12.29.15 We are home from California, and I’m guessing it snowed every day we were gone. There must have been a day of sunshine, because long icicle daggers hang from the edges of the roof all along its length. As well as a power outage, because our outside white light trees, on timers, did not come on at 4 p.m. There is always an element of suspense when we get home to our woods, especially in these long dark nights of Winter. It is only just beginning to settle in over us as we approach the final day of 2015. A long long season is upon us.
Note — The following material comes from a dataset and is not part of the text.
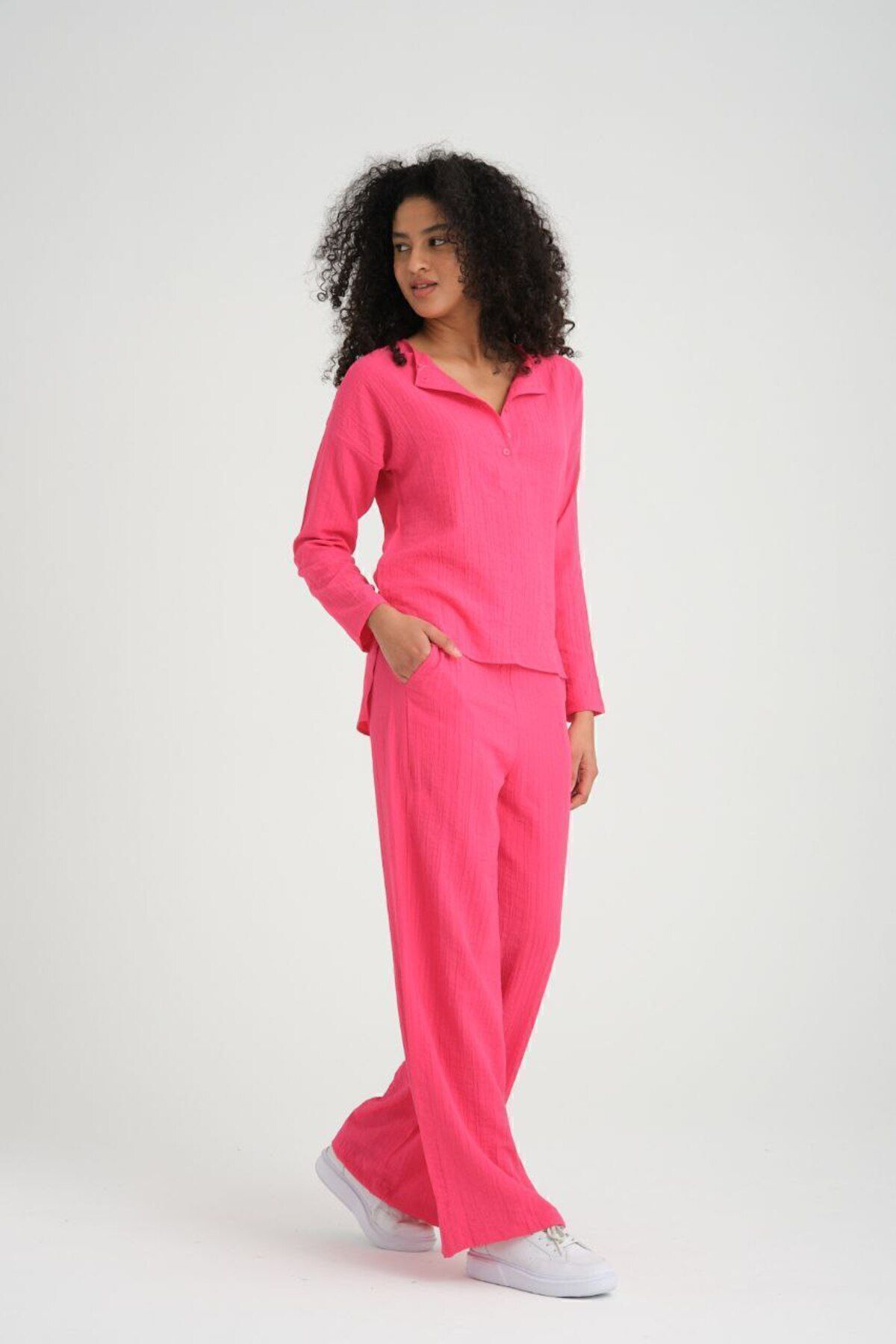 Yıldızistan Kadın Dokulu Maya Kumaş Pembe Bol Kalıp Salaş Pantolon Uzun Kollu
I’ve always loved the first stanza of Thomas Campion’s poem:
Now winter nights enlarge
The number of their hours,
And clouds their storms discharge
Upon the airy towers.
Let now the chimneys blaze,
And cups o’erflow with wine;
Let well-tuned words amaze
With harmony divine.
Written in the 1600’s, I don’t get the rest of it, but I certainly understand the clouds, the storms, chimneys blazing, wine and well-tuned words. It is the sustenance of Winter. And, I also know what it feels like to be lost in this dark season; David Wagoner reminds me to stand still in my trees.
Lost
Stand still. The trees ahead and bushes beside you
Are not lost. Wherever you are is called Here,
And you must treat it as a powerful stranger,
Must ask permission to know it and be known.
The forest breathes. Listen. It answers,
I have made this place around you.
If you leave it, you may come back again, saying Here.
No two trees are the same to Raven.
No two branches are the same to Wren.
If what a tree or a bush does is lost on you,
You are surely lost. Stand still. The forest knows
Where you are. You must let it find you.